On a recent weekend in Washington, D.C. in late May, the west end of the National Mall was flooded with college graduates and their families following their graduation ceremonies. These students had spent precious time and resources — including likely significant financial aid — to secure a credential they hope will propel them to economic mobility and stability.
But sadly, these students are not the norm. Today, only 3 in 5 college students make it to graduation day, a number that drops to under 2 in 5 for two-year credentials. For students who do graduate, far too many have a credential that carries no value in the labor market.
At the other end of the National Mall, the House of Representatives was working on The One Big Beautiful Bill Act. The Senate recently passed its own version. The two chambers will need to reconcile the differences between their bills to send the legislation to President Donald Trump’s desk.

The higher education proposals put forward by Senate Republicans are a good start to addressing some critical issues, such as complex student loan repayment, excessive graduate school borrowing, and low standards for access to federal financial aid. As the process moves forward, lawmakers have important opportunities to improve outcomes for students and taxpayers while saving public dollars.
The reconciliation bill passed by the Senate on Tuesday would create much-needed performance standards for Title IV funding, currently the largest source of federal aid to postsecondary students.
Under this proposal, programs would only be eligible to receive student loan dollars if at least half of their graduates earn more than the typical high school graduate in their region. Similarly, for graduate programs, students who finished their programs would have to earn more than the typical bachelor's degree holder in their same field and region.
This is an important first step: The public should no longer subsidize programs where more than half of the students are worse off than they would have been had they never enrolled.
However, this plan does not go far enough to address high-cost, low-value programs. Under the the Senate-passed version, a program could have graduates who earn, on average, barely above the threshold, yet still have so much student debt that they can never repay it. Holding institutions accountable for how much they charge is critical, and adding a debt-to-earnings metric is a commonsense way to ensure that institutions have skin in the game to protect student and taxpayer investments.

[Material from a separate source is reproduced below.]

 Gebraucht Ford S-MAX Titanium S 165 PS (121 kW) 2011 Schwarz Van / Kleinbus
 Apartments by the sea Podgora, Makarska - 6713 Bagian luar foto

In addition, the bill excludes certificate programs from the proposed earnings standards. This leeway undermines the longstanding goal of creating an accountability system that treats all programs fairly and is truly sector-neutral. It is important for the final bill to correct this oversight.
This bill takes additional positive action to address the complexity in our repayment system by consolidating the number of repayment plans to just two options for new loans. The federal government currently offers seven different repayment plans, a needlessly high number that contributes to borrower confusion and loan defaults.

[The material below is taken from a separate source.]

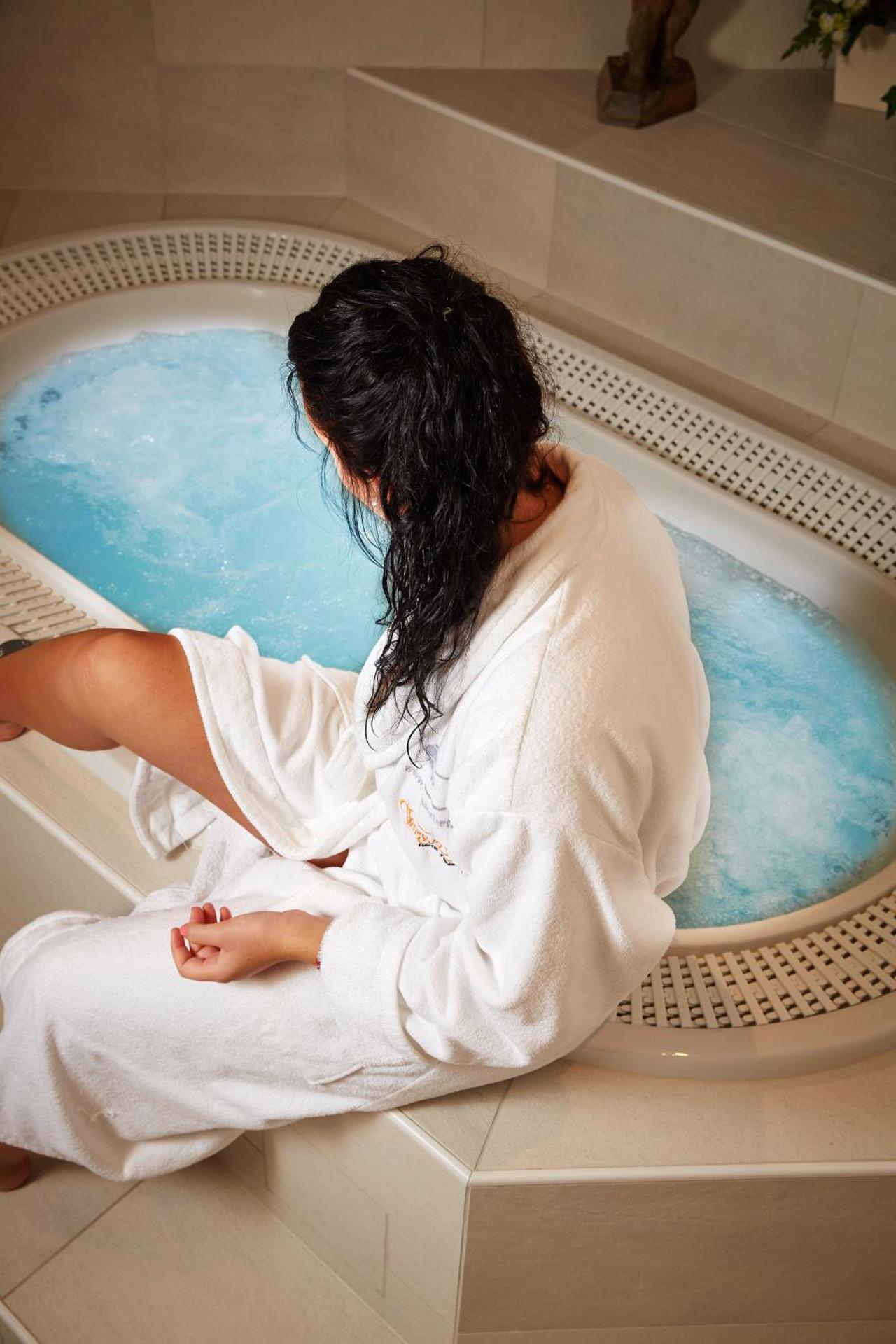 Spa and wellness centre/facilities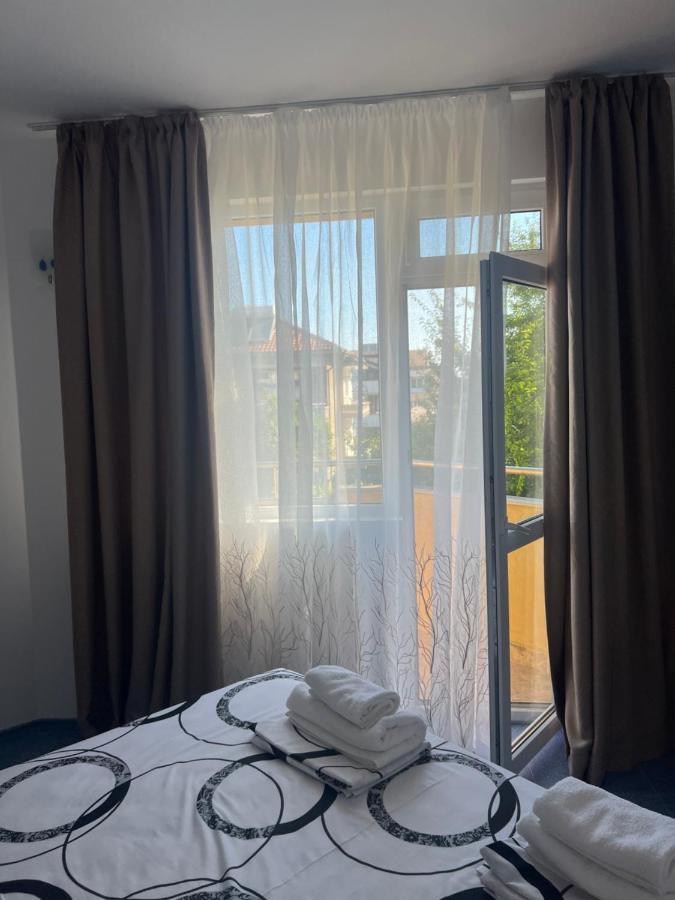 Satmar Hotell Lozenets Exteriör bild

Income-driven repayment plans, introduced in 1995, have made student loan repayments more manageable. Cutting repayment plans down to two options — one standard plan with fixed payments for well-off borrowers and an income-driven repayment plan that caps payments at a reasonable percentage of a borrower’s income — creates a safety net for lower-income borrowers while avoiding a back-door subsidy for well-off borrowers.
Finally, the bill makes important strides in addressing runaway graduate lending. Unlike undergraduate student loans, the federal government places no cap on the amount a graduate student can borrow through the Grad PLUS program. This has had disastrous, unintended effects on the cost of a typical graduate degree.
Those costs have soared since Grad PLUS loans were introduced in 2006, even as the return on investment of many graduate programs remains questionable at best. The Senate bill would eliminate Grad PLUS loans and set a lifetime cap of $100,000 for federal student loans for non-professional graduate degree programs and $200,000 for professional degree programs.
Even with these caps, borrowers who need financing for graduate programs would be able to take on six-figure debt loads, while pushing back on the practice of many institutions of raising tuition and saddling students with debt they cannot afford.
These are commonsense, evidence-backed reforms that we hope members of Congress can get behind. We remain hopeful that their decisions will support economic mobility for all students.